Prima dell’alba rientravano nei loro abiti di corteccia, univano corpi e mani, aspettavano il successivo plenilunio.
Marita si disse che anche lei sarebbe venuta, non voleva perdersi l’incanto della metamorfosi.
Intanto abbracciò la coppia di alberi e si sentì quasi avvinghiare.
Sussurrò: “ Vengo al prossimo plenilunio” e le foglie palpitarono improvvise, senza nessuna folata di vento.
Sulla spalletta del ponte dondolava una figura bionda e leggera, cantava.
Marita si fermò: gioia, malinconia, giorno e notti scorrevano in quelle note che di botto rimasero sospese nell’aria mentre l’acqua si increspò per il tuffo. “Sirena o anguana?” .
Glielo aveva detto nonna che quel sentiero era magico, che ci si poteva perdere, anche se scorreva poco lontano dalla città.
Marita coraggiosa continuò il percorso da poco iniziato. Lei voleva entrare nella magia, non si sarebbe smarrita. Ascoltava gli alberi che incontrava, le parlavano e lei sapeva che erano le sue guide.
Il sole la toccò lievemente: “ Benvenuta Marita”.
Lei rispose al saluto con un sorriso, raccolse il raggio e se ne fece un nastro che mise tra i capelli.

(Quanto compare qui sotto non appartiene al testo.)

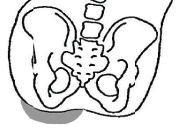 Fixed Pelvic Obliquity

Sparì la sua ombra, divenne figura diafana, impalpabile.
Era iniziata la sua metamorfosi in donna – natura.
Ora invisibile agli occhi umani, vedeva tra gli alberi gli abitanti del bosco. Uscivano dai tronchi, si tuffavano nel fiume, sui massi stavano a cantare, a sera rientravano nelle cortecce e il sentiero si svuotava delle magiche presenze.
Ma nei pleniluni sarebbero tornate forme umane, magiche sirene e anguane, chi le avesse viste si sarebbe trasformato in Essere – Natura.
Lentamente il sentiero sarebbe stato popolato solo da questi nuovi esseri, nessun umano avrebbe potuto entrarci per sbancare le rive, tagliare gli alberi, gettare manti d’asfalto.
Fosse entrato con queste convinzioni, i magici abitanti del sentiero lo avrebbero saputo, loro coglievano le vibrazioni di ogni essere, lo leggevano come fosse un libro aperto. Avrebbero bloccato e fatto prigionieri uomini e donne pericolosi per questa terra. Trattenuti da lacci invisibili avrebbero vissuto per sempre nel sentiero.
Agli occhi del mondo ciò equivaleva ad una sparizione. Per questo veniva detto il sentiero magico. Da alcuni temuto, da altri amato.
Chi lo amava veniva accolto e diveniva esso stesso figura magica, poteva entrare o uscire in libertà. Portando nel mondo esterno un po’ della magia raccolta.
Marita, Donna – Natura, in quel momento ebbe la certezza che la terra sarebbe divenuta paese di armonia.